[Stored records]
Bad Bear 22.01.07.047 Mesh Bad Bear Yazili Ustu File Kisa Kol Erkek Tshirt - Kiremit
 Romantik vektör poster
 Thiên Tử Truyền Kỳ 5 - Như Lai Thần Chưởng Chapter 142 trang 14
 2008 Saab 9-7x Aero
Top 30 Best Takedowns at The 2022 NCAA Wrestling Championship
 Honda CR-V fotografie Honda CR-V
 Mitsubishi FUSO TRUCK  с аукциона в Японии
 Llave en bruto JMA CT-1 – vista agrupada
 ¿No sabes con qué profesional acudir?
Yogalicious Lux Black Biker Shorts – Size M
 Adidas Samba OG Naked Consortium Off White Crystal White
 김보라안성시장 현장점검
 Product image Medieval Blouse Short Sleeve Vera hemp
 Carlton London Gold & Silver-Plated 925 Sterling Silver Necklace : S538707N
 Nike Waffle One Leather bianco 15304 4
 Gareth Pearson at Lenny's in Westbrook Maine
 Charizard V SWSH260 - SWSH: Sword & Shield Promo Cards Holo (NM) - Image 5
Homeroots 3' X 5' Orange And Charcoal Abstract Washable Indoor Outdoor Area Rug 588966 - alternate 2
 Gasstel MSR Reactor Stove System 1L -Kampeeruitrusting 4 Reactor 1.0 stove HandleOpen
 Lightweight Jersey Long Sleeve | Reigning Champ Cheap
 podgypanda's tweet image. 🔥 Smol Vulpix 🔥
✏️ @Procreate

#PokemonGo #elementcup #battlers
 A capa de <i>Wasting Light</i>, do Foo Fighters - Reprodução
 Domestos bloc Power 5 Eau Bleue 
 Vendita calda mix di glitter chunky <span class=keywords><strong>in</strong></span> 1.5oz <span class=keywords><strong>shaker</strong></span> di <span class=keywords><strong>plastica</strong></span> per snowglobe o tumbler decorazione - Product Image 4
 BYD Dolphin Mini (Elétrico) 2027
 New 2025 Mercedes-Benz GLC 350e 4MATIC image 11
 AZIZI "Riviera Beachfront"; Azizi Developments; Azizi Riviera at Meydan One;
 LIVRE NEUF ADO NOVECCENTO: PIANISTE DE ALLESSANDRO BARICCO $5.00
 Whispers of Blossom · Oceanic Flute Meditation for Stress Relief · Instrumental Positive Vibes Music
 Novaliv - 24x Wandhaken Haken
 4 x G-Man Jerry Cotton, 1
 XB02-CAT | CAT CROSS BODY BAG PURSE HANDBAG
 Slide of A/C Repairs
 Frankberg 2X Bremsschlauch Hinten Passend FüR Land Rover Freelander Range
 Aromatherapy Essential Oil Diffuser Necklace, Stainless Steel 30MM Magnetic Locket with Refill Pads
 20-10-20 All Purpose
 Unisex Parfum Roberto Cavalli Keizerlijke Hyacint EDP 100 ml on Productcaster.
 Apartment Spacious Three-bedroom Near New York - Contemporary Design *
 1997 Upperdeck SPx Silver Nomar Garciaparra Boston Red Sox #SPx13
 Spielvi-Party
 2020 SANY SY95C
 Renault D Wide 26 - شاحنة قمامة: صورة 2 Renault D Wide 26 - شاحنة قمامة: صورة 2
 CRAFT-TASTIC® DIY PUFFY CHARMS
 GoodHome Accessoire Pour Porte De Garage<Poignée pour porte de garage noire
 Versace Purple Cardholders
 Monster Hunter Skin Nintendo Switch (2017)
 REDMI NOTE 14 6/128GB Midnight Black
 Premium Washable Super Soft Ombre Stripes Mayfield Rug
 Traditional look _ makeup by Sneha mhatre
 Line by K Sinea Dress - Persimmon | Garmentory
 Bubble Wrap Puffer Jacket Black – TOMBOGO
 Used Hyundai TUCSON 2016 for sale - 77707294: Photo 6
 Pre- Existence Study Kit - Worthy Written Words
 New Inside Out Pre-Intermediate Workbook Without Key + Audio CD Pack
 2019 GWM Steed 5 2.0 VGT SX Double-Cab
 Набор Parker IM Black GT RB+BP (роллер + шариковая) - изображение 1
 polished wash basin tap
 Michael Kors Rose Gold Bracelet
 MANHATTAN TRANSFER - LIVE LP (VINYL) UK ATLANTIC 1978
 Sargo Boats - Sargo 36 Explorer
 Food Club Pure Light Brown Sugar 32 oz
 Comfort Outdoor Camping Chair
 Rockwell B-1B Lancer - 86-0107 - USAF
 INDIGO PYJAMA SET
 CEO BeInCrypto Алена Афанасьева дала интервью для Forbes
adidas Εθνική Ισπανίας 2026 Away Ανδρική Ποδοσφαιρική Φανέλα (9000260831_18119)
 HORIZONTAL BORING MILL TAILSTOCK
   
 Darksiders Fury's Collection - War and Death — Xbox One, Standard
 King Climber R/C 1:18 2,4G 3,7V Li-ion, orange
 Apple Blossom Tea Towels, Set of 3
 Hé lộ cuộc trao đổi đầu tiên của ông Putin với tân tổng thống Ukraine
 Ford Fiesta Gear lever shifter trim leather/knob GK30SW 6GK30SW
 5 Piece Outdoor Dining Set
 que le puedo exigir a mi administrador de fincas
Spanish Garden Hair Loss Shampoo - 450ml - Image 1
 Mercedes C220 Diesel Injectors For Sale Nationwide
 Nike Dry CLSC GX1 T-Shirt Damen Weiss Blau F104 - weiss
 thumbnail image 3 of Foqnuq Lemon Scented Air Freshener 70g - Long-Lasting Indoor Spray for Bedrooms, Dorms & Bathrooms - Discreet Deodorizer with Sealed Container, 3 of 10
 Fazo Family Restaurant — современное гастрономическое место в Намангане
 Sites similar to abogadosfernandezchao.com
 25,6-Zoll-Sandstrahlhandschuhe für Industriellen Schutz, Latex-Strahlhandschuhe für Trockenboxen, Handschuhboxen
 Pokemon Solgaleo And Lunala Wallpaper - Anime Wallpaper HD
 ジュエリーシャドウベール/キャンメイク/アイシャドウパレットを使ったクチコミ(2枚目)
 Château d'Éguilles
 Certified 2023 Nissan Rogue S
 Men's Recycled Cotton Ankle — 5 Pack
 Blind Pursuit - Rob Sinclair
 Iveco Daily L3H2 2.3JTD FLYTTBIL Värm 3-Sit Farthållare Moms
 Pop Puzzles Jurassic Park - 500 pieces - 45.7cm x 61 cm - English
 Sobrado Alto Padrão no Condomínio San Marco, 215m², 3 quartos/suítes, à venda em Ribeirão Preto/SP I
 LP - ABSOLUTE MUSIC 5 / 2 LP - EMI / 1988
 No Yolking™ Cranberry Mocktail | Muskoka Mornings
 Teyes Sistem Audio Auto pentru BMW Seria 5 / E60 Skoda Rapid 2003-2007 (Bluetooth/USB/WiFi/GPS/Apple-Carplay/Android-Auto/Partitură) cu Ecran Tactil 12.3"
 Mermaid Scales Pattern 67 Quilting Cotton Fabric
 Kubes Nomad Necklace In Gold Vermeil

Exercise directions:
Using the entries, count how many lines contain the string "Washable". Write only the number.

Answer to this exercise:
2